Five Ways To Break A Shopping Addiction – And Five Ways To Help Someone Else With Their Addiction

One of my wife’s closest friends is completely addicted to shopping, and unsurprisingly she spends a lot of time juggling credit card bills and dumping huge amounts of cash into finance charges just to gain enough breathing room to shop some more.

Recently, she’s begun to see that things are going to have to change in order for her to get financially ahead in life. Here are the ten tips I offered her to help her break her shopping addiction.

“Shop” without any method of payment. If the in-store experience is what you crave, then simply go there without any method of payment. This method lets you spend your time there as you wish, but keeps you from putting anything else on the credit card.

Do a spring cleaning. Go through all the stuff you have and decide which things you actually need – or even want. Collect together all of the useful stuff in one place, then really look at it. For some, the sight of how many useless things they’ve wasted their money on often can shock them into a change.

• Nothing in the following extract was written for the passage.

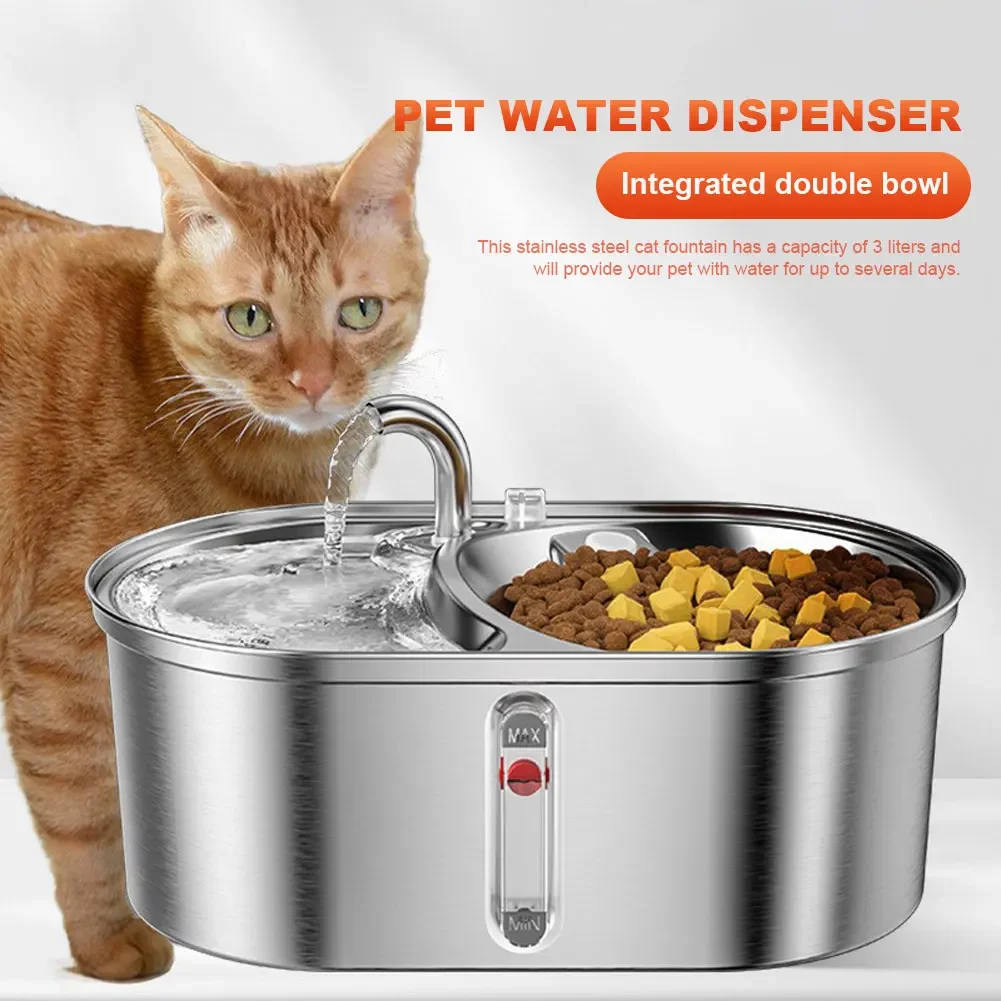 Automatic Cat Feeder and Water Fountain 2 in1 Pet Food Dish & Drinking Bowl Combo, Stainless Steel, for Cats and Small Dogs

Chop up your credit cards. Don’t allow yourself the option of charging any more – simply chop up your cards and delete those numbers from any online accounts that may use them. This way, the only method you have available to you to spend is your actual cash.

Avoid the stores altogether. Do anything at all besides going to the stores where you’re tempted to waste money. Whenever you even think about the possibility, just do something else.

Change your routine. If part of your daily or weekly routine is to go to a particular place where you’re tempted to spend, change the routine. This may involve finding a new commute or any number of things, but the key is to take temptations out of your daily routine.

As a friend, however, you can go an extra step to help someone overcome their shopping addiction. Here are five things I am willing to do to help her out to get past her addiction.

Introduce her to inexpensive activities. She can come along when we do free, fun stuff like spending time in the park, doing volunteer work, and so on. These things can be a ton of fun, and so I strive to show her the fun parts of doing things where you don’t have to come home with an empty wallet.

Show her how to shop frugally. I could also go on shopping trips with her, showing her how to shop frugally and find good deals on stuff. Instead of dropping $300 at a clothes store, spend some time looking at what’s available at less-expensive clothes outlets.

Help her rework her budget. Spending an afternoon with her going through her spending in detail and showing her some better ways to optimize her money. This works well if the person is also taking some steps to actually curb their spending, as she is.

Invite her over to eat. We make simple, frugal meals all the time at home, while she usually eats out. Thus, inviting her over to eat and getting her involved in the food preparation works really well. It takes ten minutes to make a big batch of spaghetti, requires two pans and a bit of silverware, and makes enough that you can eat it multiple nights – a perfect example of how to cut down on spending. As does the crockpot.

Offer lots of encouragement. This seems strange to some: encouraging a friend not to shop? The best way to do this is to keep tabs on what they’re doing and make it clear that not buying a bunch of stuff is in fact a great, positive thing. Have a party for them when they pay off a credit card, for instance.